PROBLEM TO WORK ON: Nothing but the lines from the one with "2010 Toyota Corolla base for Sale" through the last line of the entries below should appear in the copy, please, and no pictures.

───── GIVEN DATA

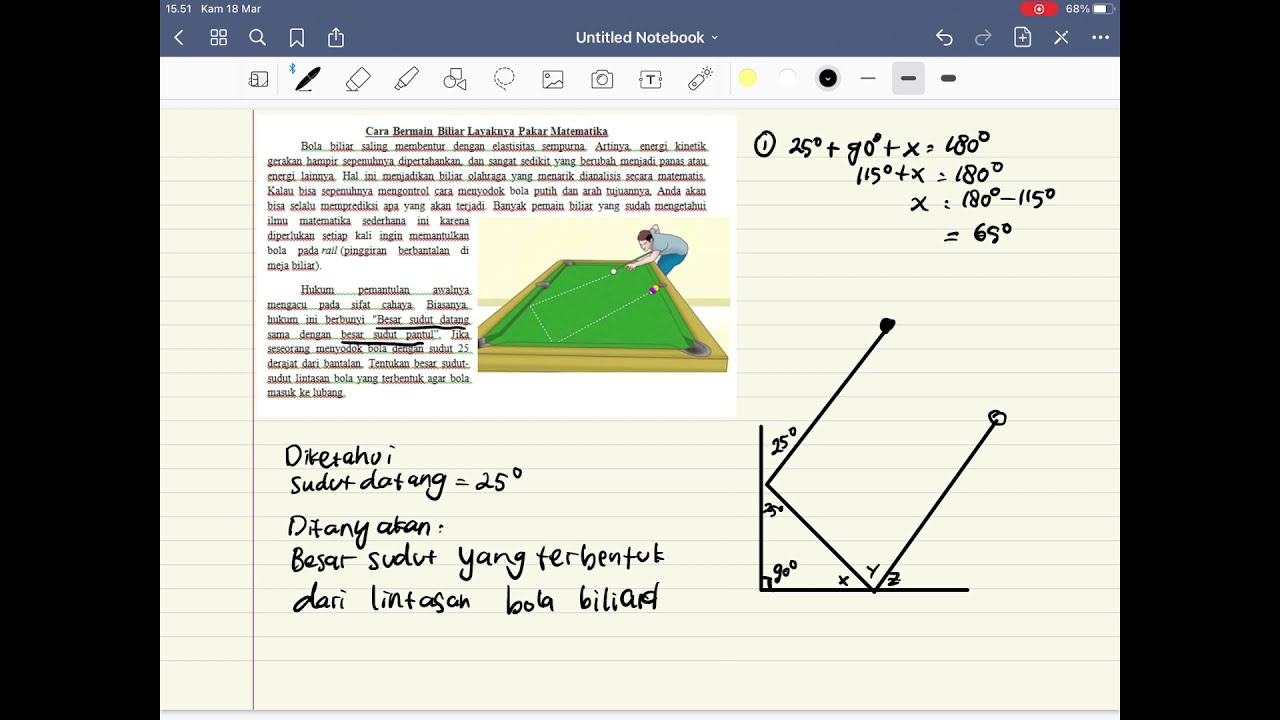 Detail Gambar Garis Dan Sudut Nomer 44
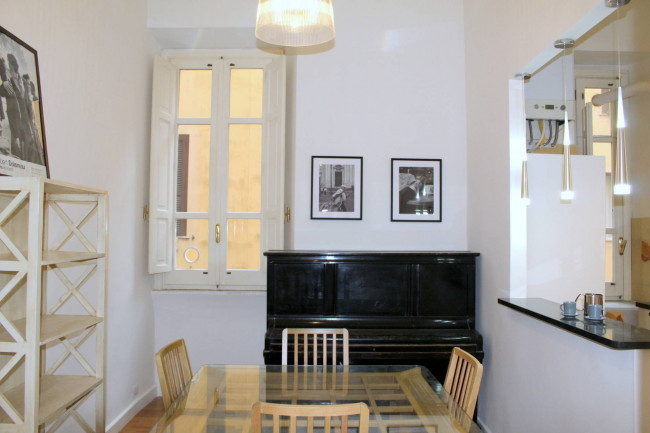 Trilocale in affitto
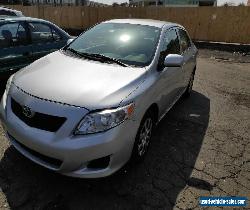 2010 Toyota Corolla base for Sale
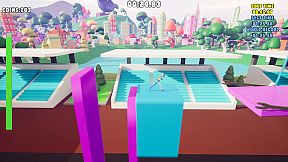 Galactic Gauntlet: The Ultimate Interstellar Challenge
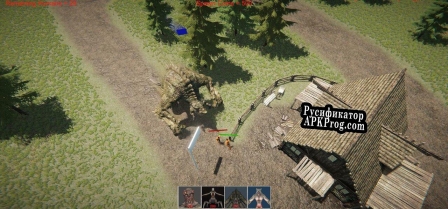 Русификатор для Monster Dropper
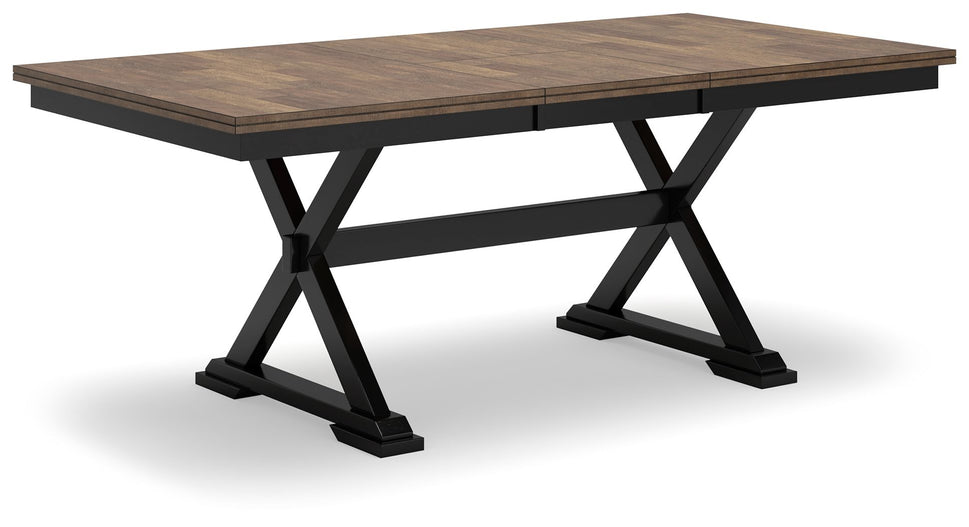 Wildenauer Rect. Dining Table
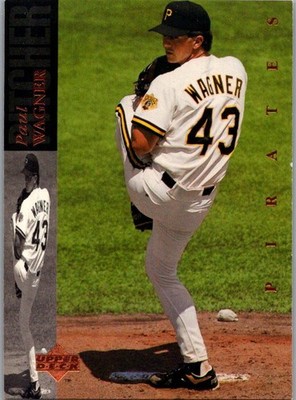 1994 Upper Deck #383 Paul Wagner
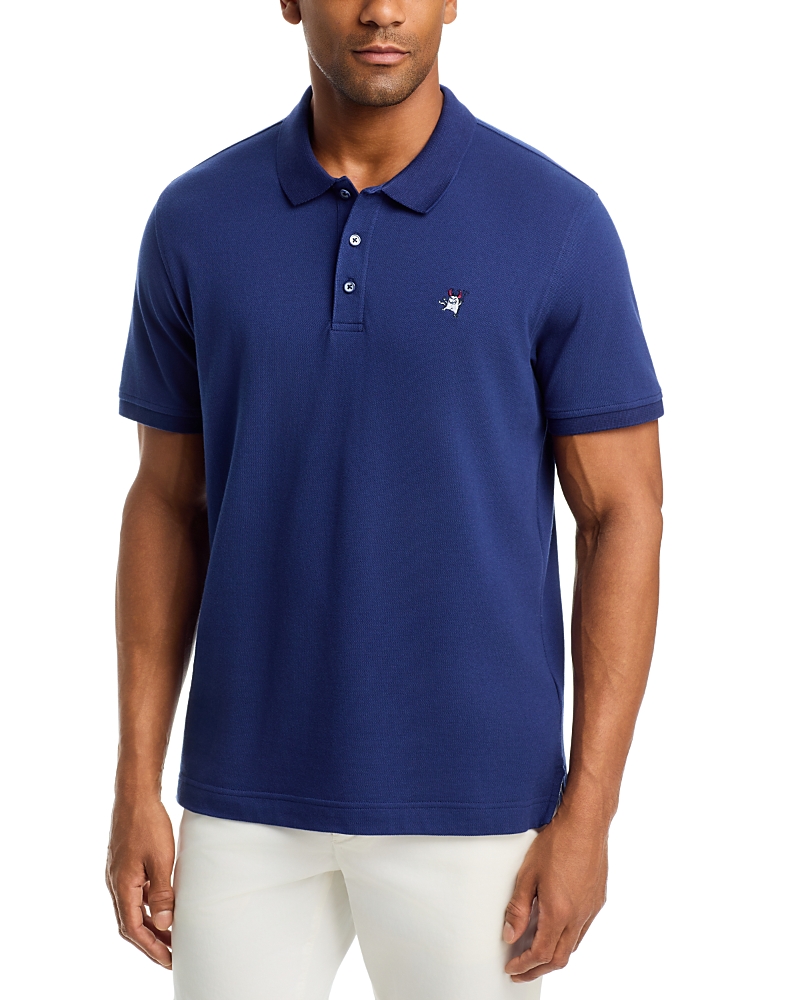 Robert Graham Devil Polo Shirt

──────────

OUTPUT FOR THIS EXERCISE:
 2010 Toyota Corolla base for Sale
 Galactic Gauntlet: The Ultimate Interstellar Challenge
 Русификатор для Monster Dropper
 Wildenauer Rect. Dining Table
 1994 Upper Deck #383 Paul Wagner
 Robert Graham Devil Polo Shirt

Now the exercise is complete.